– Знаете, мне все сказали, что я сошла с ума.

Я пыталась объяснить им, что хочу летать, что хочу служить своей стране, а понял меня один-единственный человек, все остальные так ничего и не поняли.

Мы сидели за одним из столов в зале библиотеки Академии – огромном, очень светлом помещении – и разговаривали с кадетами. Здесь учатся четыре года, и среди собеседников были представлены все – от «салаг» до выпускников. Вот некоторые ответы кадетов на мои вопросы:

– Почему я решил учиться здесь? Потому что обожаю скорость, мечтаю летать на этих красивых машинах.

– Думал ли я о том, что мне, возможно, придется убивать? Думал, конечно. Очень надеюсь, что не придется. Но если кто-то будет угрожать моей стране, моим любимым… Я давал присягу, сэр, и я ее исполню.

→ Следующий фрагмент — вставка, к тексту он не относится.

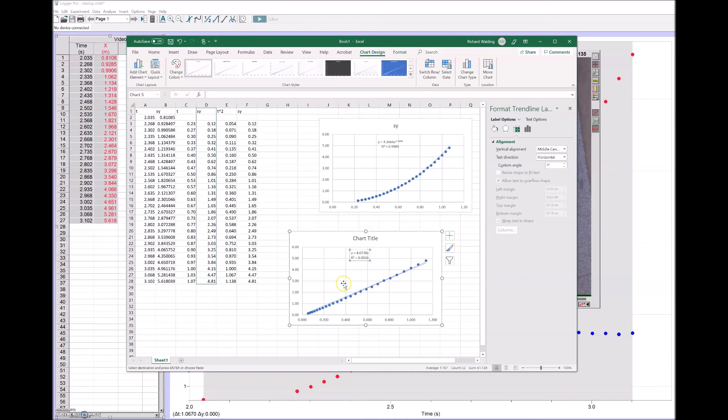We could work out the percent error as well. It's probably about 10 percent error. So that's how you do the analysis of video data.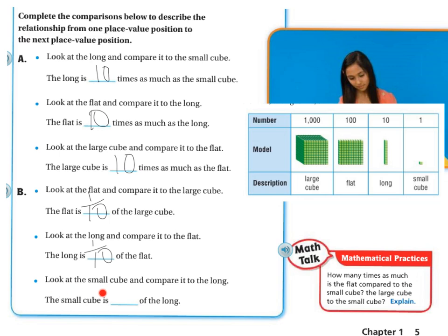Last, look at the small cube and compare it to the long. The small cube is 1 tenth of the long, because I'm going the other direction. This is 10 times greater than this, and this is 1 tenth of this — so it depends on which direction you're going.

– Муштруют ли нас? Можно сказать, да, муштруют. Семь шкур спускают, особенно с нас, первогодков. И правильно делают. Это ведь происходит до присяги, и нам надо понять, мы действительно хотим учиться здесь, или нет? Есть время подумать, передумать. Бить? Нет, сэр, никакого рукоприкладства быть не может, но за нарушение дисциплины заставят отжаться столько раз – мало не покажется.

– Для меня служить моей стране – миссия почетная. Защищать демократию и свободу в мире – это наш долг. Я считаю, что меня Бог избрал для этой цели.

– Война в Ираке? Это дело политиков. Наше дело выполнять приказы. Любые? Нет, сэр, если приказ покажется мне противоречащим существующим законам и порядкам, я имею право не выполнять его.

Позже, разговаривая с преподавателем-полковником ВВС, я спросил его, так ли это, и получил подтверждение: никто не обязан выполнять преступный приказ. Спросил я его и об отношении к войне в Ираке:

– Не опасаетесь ли вы того, что точно так же, как неудача во Вьетнамской войне сильно навредила престижу Вооруженных сил США даже в самой Америке, неудачная война в Ираке возымеет такое же действие?

Полковник молча посмотрел на меня секунд десять и ответил:

– Сэр, я предпочел бы оставить ваш вопрос без внимания.

Что ж, все справедливо. Я имею право задавать любой вопрос, а он имеет такое же право не отвечать на него.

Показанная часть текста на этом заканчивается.